The crew shot the climax at the Binny Mills for nine days. A factory set was erected with 15 feet fenced compound worth ₹4.5 million. Art director Mohana Mahendran tried to find a live location, but since he was not satisfied, the team erected a set of an old abandoned factory with machinery. In a scene featuring Arun Vijay, Vamsi and his gang was shot there. Anal Arasu composed a lengthy shot that was canned with four cameras. During the take, Vamsi had to swing a huge iron bar against Arun Vijay in the end, where Arun has to miss it and jump. However, the iron bar slipped from Vamsi's hand and hit Arun's shoulder. Shoot was wrapped with few shots remaining.

== Soundtrack ==
Soundtrack was composed by Thaman S. Arun Vijay had sung few lines for a folk-song with L. R. Eswari. The audio was launched in early October 2013. Mamta Mohandas and Rakul Preet Singh were notably absent from the event. Karthik Srinivasan of Milliblog wrote: "Short, tuneful soundtrack by Thaman who gets the melodies right and the sole kuthu wrong".

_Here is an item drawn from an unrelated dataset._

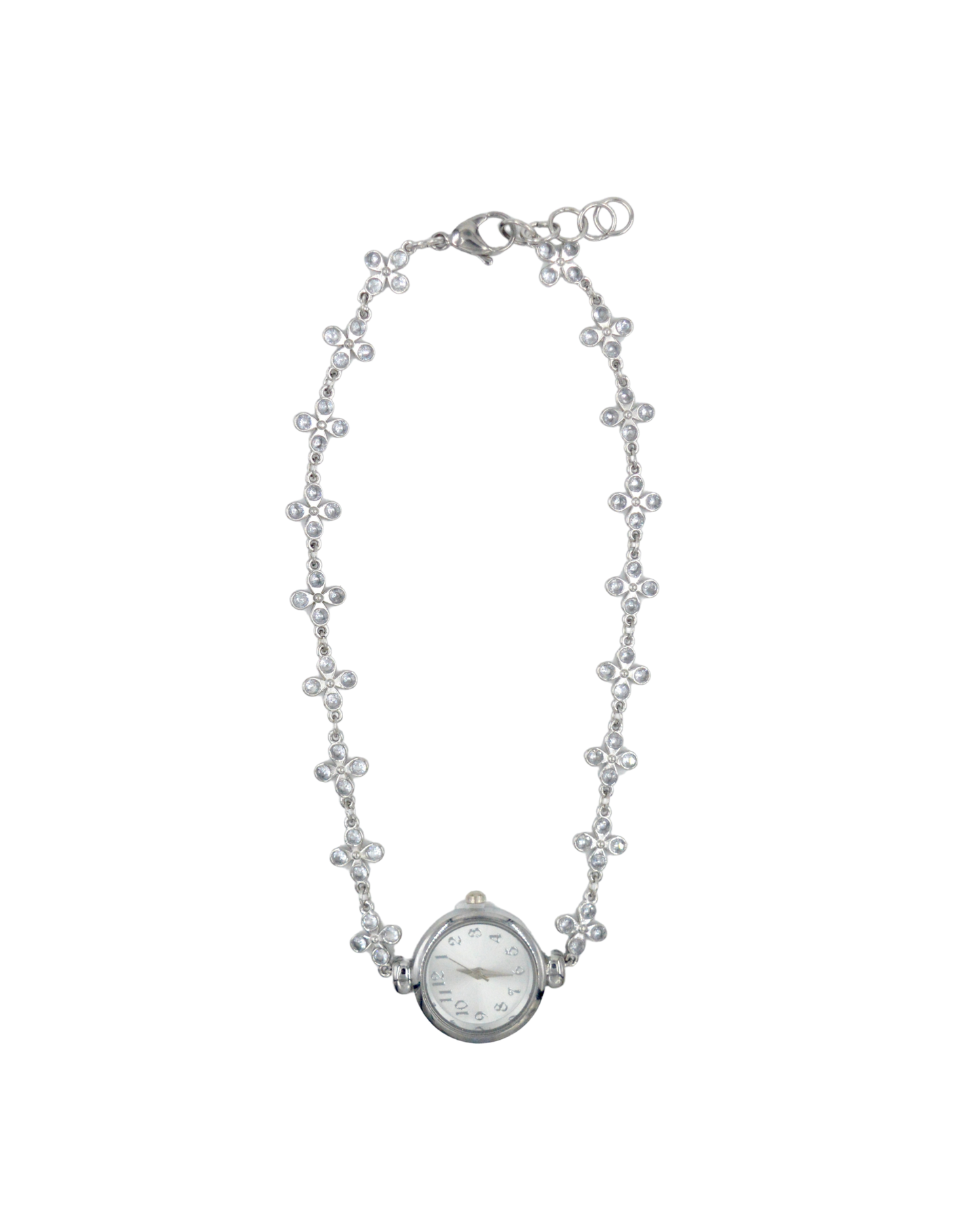 choker BRILLÓ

| Song | Singers | Lyrics |
| "Kelaamale" | Aalap Raju, Rita | Madhan Karky |
| "Kelaamale" (Unplugged) | Thaman S, Rita |
| "Kaalangal" | Chinmayi, Javed Ali |
| "Naan Poonthamalli" | L. R. Eswari, Solar Sai, Arun Vijay | Vaali |
| "Theme Music" (Instrumental) | - | - |

== Release and reception ==

Thadaiyara Thaakka was released theatrically on 1 June 2012. Sidharth Varma of The Times of India gave the film 2.5 out of 5 stars and wrote "Thadaiyara Thaakka at most times is grey and there is always a sense of anticipation as to what would happen next." Sify wrote, "On the whole Magizh Thirumeni has made a fast paced thriller which has essential speed to keep the audience hooked". The film was also reviewed by Ananda Vikatan, and Kungumam. Despite receiving mostly positive reviews, the film underperformed at the box office, which Magizh attributed to the low-key promotions and publicity. The film slowly gained praise from viewers after the end of its theatrical run.